▶ _AVAILABLE RECORDS_
[Start of Attachment]
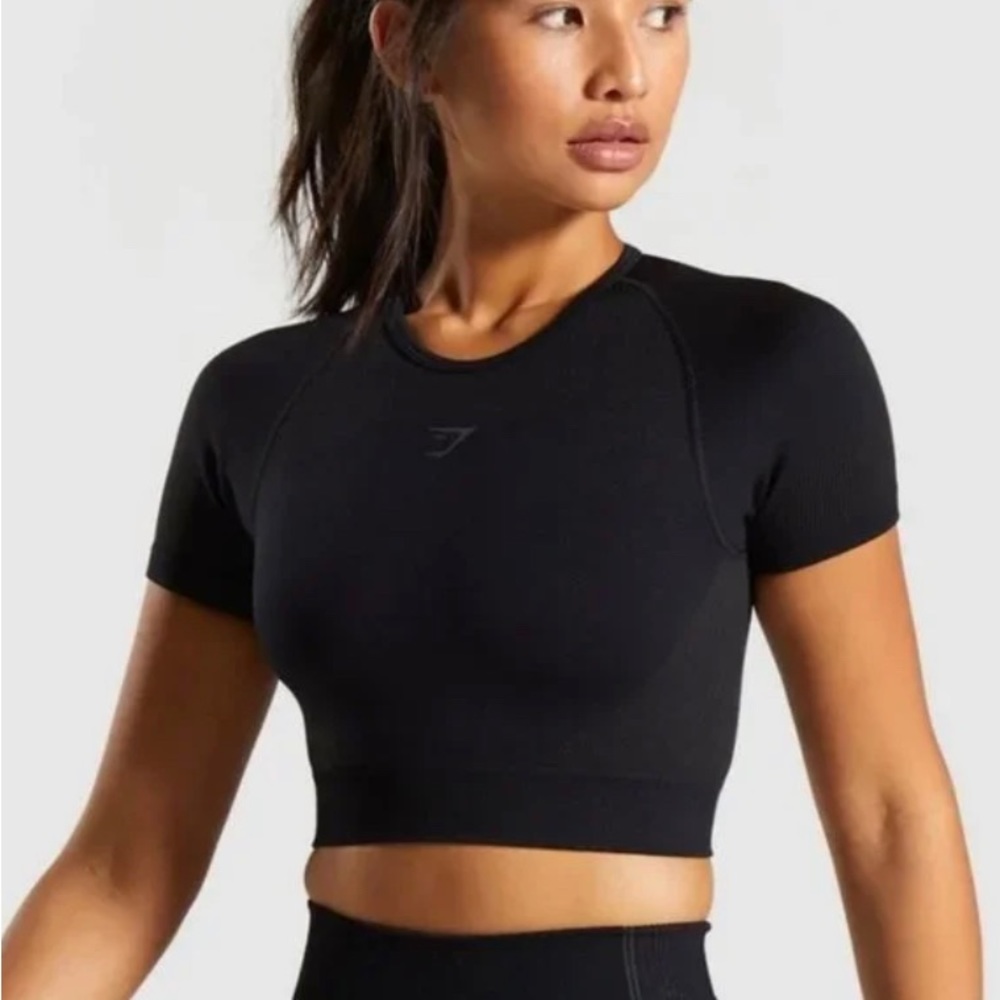 GYMSHARK Ultraseamless Black Crop-top Size Small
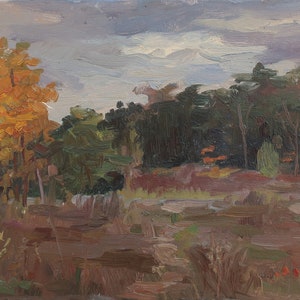 Paysage. Artiste ukrainienne Shurupov K. 22-32 cm, huile sur carton, année 1958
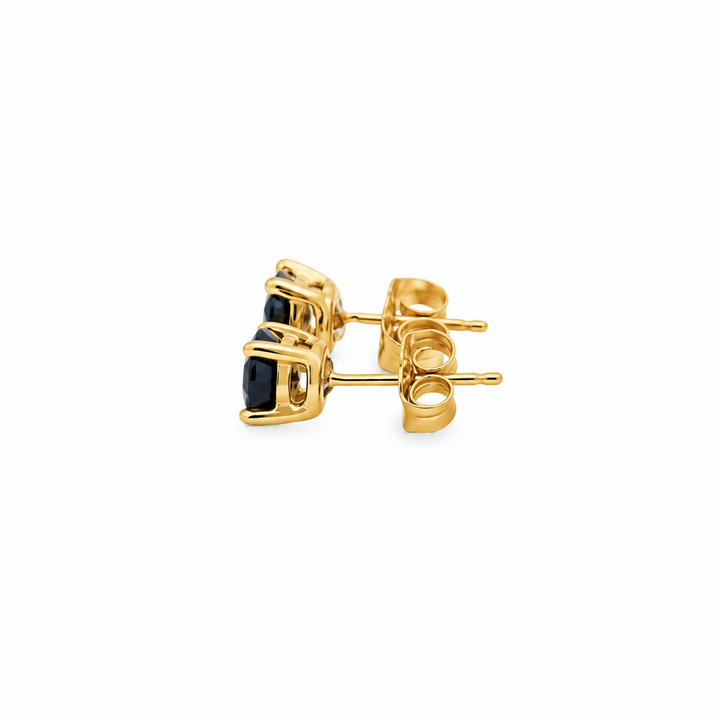 Estate 14K Yellow Gold 1CTW Round Blue Sapphire Solitaire Stud Earrings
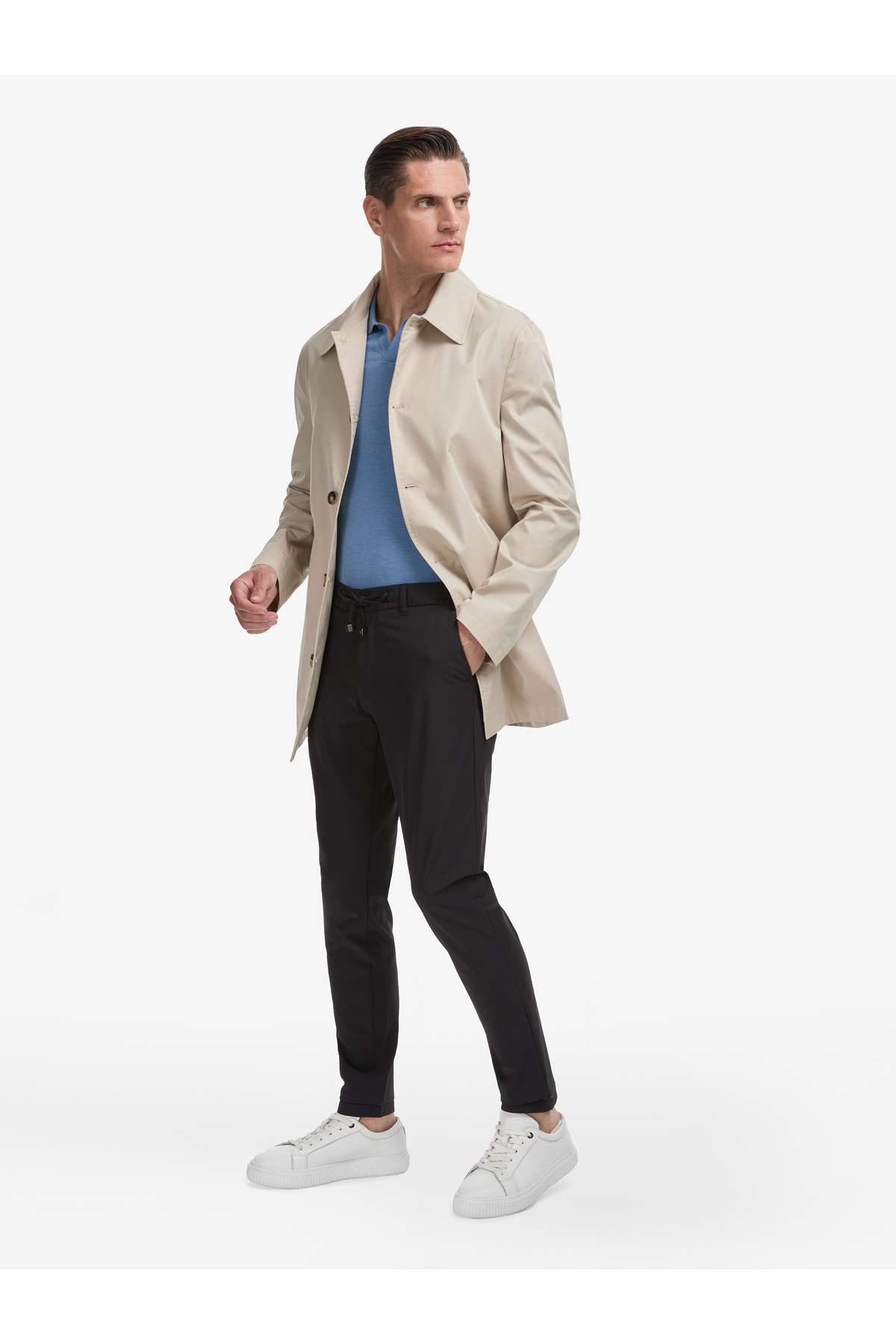 Cacharel Bej Slim Fit Pamuk Karışımlı Gömlek Yaka Trençkot 50324484-VR011 görsel 4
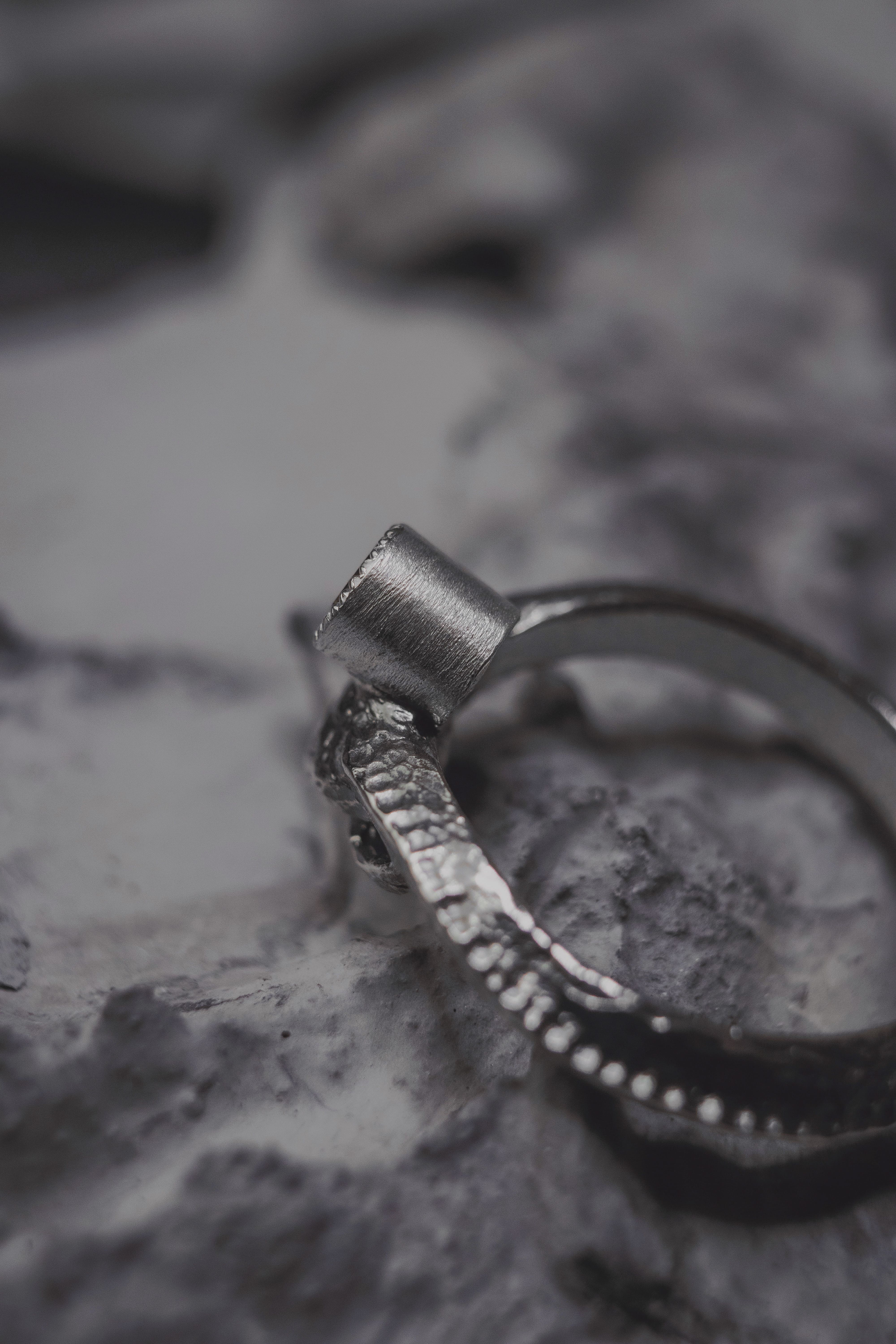 Ouroboros Ring with Stone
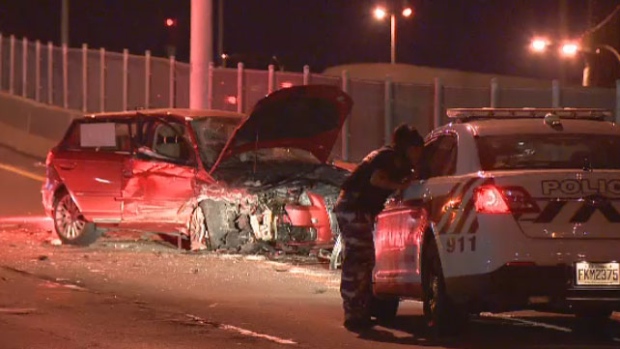 Longueuil crash leaves two people seriously injured - CTV News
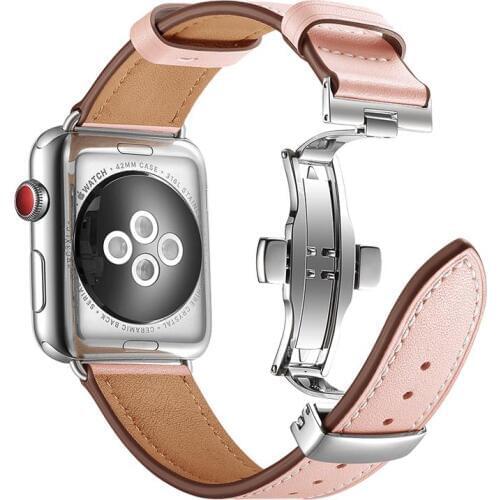 Leather Band for Apple Watch Series 5 4 44mm 40mm Silver Butterfly clasp Wrist Bracelet Strap for iWatch 3/2 42mm 38mm watchband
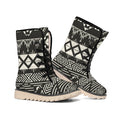 Black And Beige Aztec Pattern Print Winter Boots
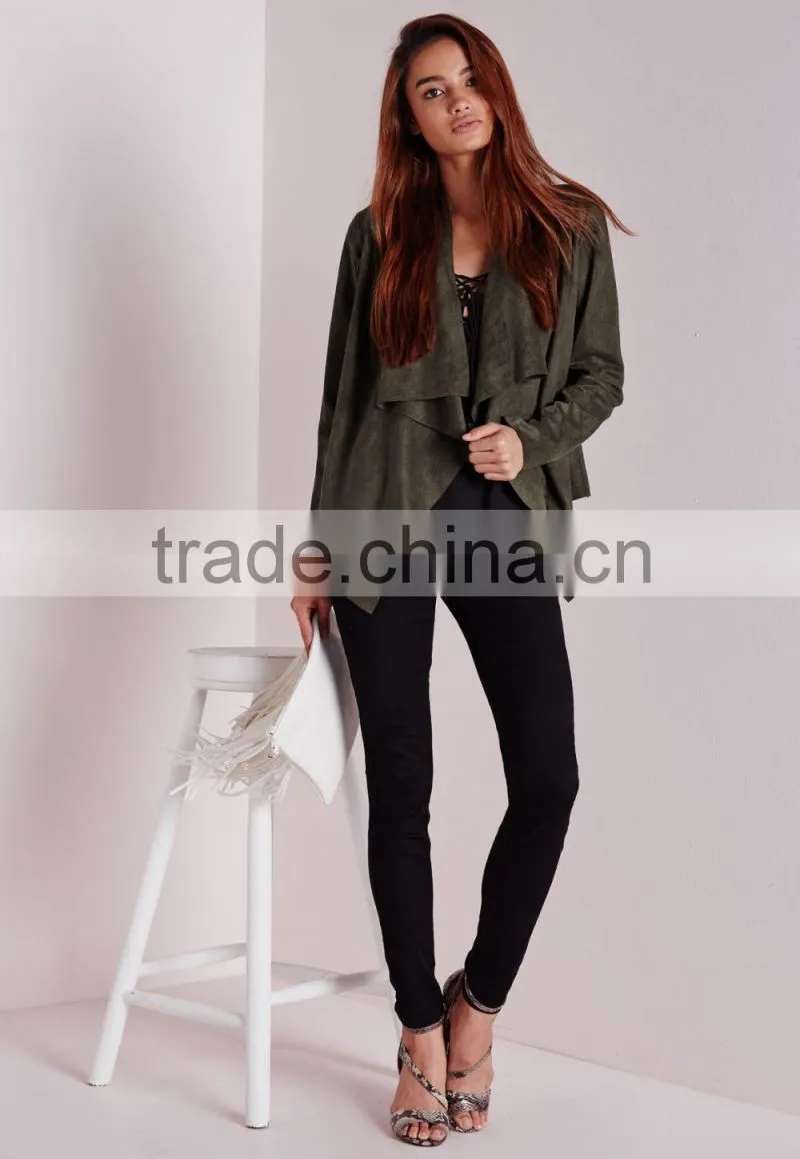 2015 Women Winter Short Waterfall Faux Suede Jacket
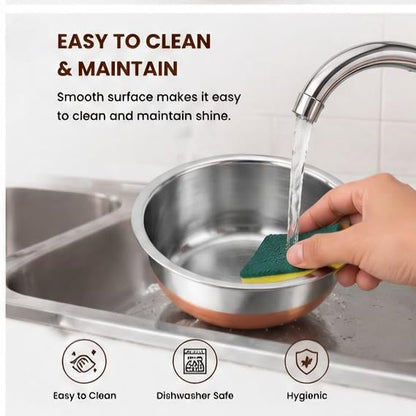 Stainless Steel Bowl Set with Airtight Lids | Heavy-Duty Mixing & Serving Bowls | Mirror Finish | 5-Piece Set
[End of Attachment]
▶ _WHAT YOU WILL DO_
Give again the stretch of the entries above that begins at the line with "Longueuil crash leaves" and ends at the line with "Black And Beige", word for word, with no pictures.

▶ _RESPONSE_
 Longueuil crash leaves two people seriously injured - CTV News
 Leather Band for Apple Watch Series 5 4 44mm 40mm Silver Butterfly clasp Wrist Bracelet Strap for iWatch 3/2 42mm 38mm watchband
 Black And Beige Aztec Pattern Print Winter Boots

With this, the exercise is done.